Conclusion: The API potency was predicted in a mini-batch blender with IOT using multiple sets of pure component spectra. The off-line spectra reduced the material consumption by 87%, and the minimal pure components provided a 99% reduction compared to in-line measurement. The prediction accuracy was comparable for off-line, minimal, and spectra using 250 mg API while maintaining an appropriate NAS-T value, providing confidence in predictions. This study demonstrates the ability of IOT, in conjunction with pure component collection conditions, to drastically reduce the material expenditure in chemometric modeling and potentiates the expansion of this PAT strategy to earlier phases of development.

References: 1. Rish, A. J., Henson, S., Drennen, J. K., & Anderson, C. A. (2024). Defining the range of calibration burden: from full calibration to calibration-free. Journal of Pharmaceutical Innovation, 19(3), 39.

Acknowledgements: The authors would like to acknowledge LCI for their support of this work.

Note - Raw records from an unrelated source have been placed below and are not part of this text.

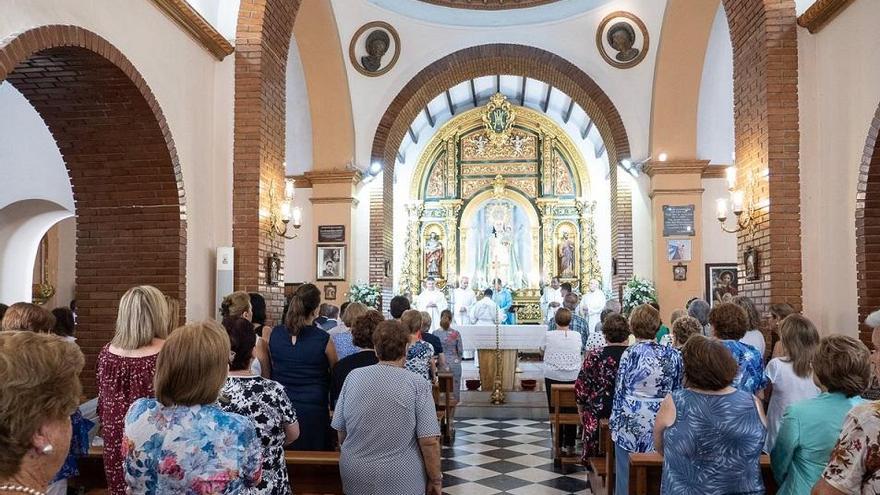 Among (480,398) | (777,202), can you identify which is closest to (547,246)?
(480,398)

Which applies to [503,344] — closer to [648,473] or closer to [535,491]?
[535,491]

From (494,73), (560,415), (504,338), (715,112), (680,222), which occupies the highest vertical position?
(494,73)

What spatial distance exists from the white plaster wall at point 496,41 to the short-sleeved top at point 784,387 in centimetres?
Answer: 976

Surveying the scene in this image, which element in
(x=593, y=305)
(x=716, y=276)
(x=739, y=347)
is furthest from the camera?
(x=593, y=305)

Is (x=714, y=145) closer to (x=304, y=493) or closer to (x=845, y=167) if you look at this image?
(x=845, y=167)

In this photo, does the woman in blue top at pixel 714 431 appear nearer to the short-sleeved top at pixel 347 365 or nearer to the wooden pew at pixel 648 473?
the wooden pew at pixel 648 473

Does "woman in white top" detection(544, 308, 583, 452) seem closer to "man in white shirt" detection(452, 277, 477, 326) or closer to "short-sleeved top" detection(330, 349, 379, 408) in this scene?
"short-sleeved top" detection(330, 349, 379, 408)

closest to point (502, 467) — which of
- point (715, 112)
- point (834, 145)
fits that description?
point (834, 145)

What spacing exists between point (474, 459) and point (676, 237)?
687cm

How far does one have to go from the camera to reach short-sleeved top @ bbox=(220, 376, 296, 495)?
3.06m

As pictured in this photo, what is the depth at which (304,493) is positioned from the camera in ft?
13.8

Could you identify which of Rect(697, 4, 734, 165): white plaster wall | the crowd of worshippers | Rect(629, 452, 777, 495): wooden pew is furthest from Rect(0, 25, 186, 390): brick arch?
Rect(697, 4, 734, 165): white plaster wall

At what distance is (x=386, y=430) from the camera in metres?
3.54

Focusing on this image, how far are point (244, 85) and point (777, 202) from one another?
19.0 feet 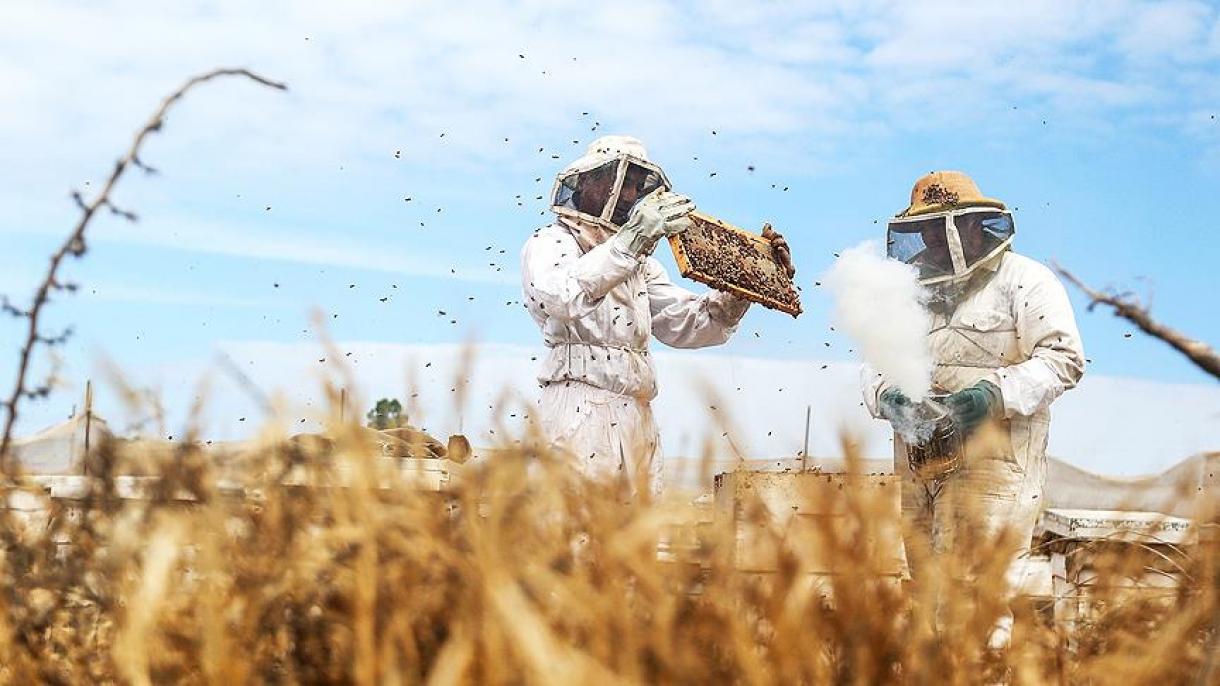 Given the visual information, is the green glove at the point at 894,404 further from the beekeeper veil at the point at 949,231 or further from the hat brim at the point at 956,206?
the hat brim at the point at 956,206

A-RMSEP trend across spectral sets, showing a gradual increase in prediction error as in-line pure components were added to the IOT input. B-SSR trend labeled by MCC collection condition, showing the effect of the nonchemical variance captured in the in-line environment.

Chart shows the RMSEP when the API spectrum collected with the designated amount of material was used, showing the comparability between the 1000 mg and 250 mg predictions. The chart shows the NAS-T values and confirms the reliability of the predictions.